G. Campbell Morgan's Exposition on the Whole Bible

Joel 2

 

 

Verses 1-27

Having thus dealt with the actual visitation and its terrible devastation, and having called the people into the place of humiliation, the prophet rose to a higher level, and interpreted the visitation as indicating a deeper and more terrible judgment threatening them. In doing this, he made use of the figure of the blowing of a trumpet.

The first blast sounded a note of alarm as it announced the approach of the Day of Jehovah. With the figure of the locusts still in mind, the prophet described the swift, irresistible, and all-consuming character of the armies which were about to come as the scourge of God, being careful to declare that this whole movement would be under the command of Jehovah. However, the prophet declared that God still waited in patience and mercy. If the people would return to Him, He would spare them.

The second blast of the trumpet called the people to assemble in repentance. The character of the assembly was to be that of a fast, and its constitution the actual gathering together of all the people, from the youngest to the oldest. Being assembled, they were to cry for mercy, the ultimate reason being that the nations should not say, "Where is their God?" To such an act Jehovah would respond in grace.


Verse 28

Finally the prophet moved on to a yet higher level, and dealt wholly with things to come. The great word introducing the section is "afterward." Some of the things foretold have now been fulfilled, some are still in the future.

In looking toward the distant Day of Jehovah, Joel saw an intervening period of an entirely different character. This he described, ending his message with a declaration concerning the Day of the Lord, which was the real burden on his spirit. Of the intervening period he declared that its initiation would result from the outpouring of the Spirit upon all flesh. It would be characterized by prophecy, dreams, and visions.
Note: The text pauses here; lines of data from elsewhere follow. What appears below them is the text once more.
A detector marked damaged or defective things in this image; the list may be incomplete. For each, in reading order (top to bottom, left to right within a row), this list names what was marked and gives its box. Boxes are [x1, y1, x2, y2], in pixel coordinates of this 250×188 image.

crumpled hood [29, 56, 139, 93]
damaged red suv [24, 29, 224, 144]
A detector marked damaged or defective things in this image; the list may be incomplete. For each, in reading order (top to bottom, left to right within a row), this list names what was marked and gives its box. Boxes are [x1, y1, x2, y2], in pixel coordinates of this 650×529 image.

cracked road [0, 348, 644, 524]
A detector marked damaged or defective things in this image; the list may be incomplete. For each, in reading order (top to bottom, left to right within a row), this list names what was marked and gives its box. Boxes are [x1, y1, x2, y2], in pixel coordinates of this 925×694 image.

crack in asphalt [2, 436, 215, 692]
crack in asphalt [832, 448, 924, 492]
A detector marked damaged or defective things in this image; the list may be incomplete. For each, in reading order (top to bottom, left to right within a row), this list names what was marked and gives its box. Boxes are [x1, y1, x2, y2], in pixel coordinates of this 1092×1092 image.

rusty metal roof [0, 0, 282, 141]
The signs of the end of this period and the approach of the Day of the Lord would be "wonders in the heavens and in the earth." From the terrors of the Day, those who called on the name of the Lord were to be delivered.

This is a perfect description of the Pentecostal age in which we now live, with a statement of the signs which will precede its end and a declaration of the way of deliverance from the terrors immediately to follow.

Finally the prophet saw in the far distance the ultimate Day of Jehovah. The last vision of the prophet is the complete fulfilment of the divine purpose in and through God's people, in which Jehovah will dwell in Ziona city holy and full of prosperity.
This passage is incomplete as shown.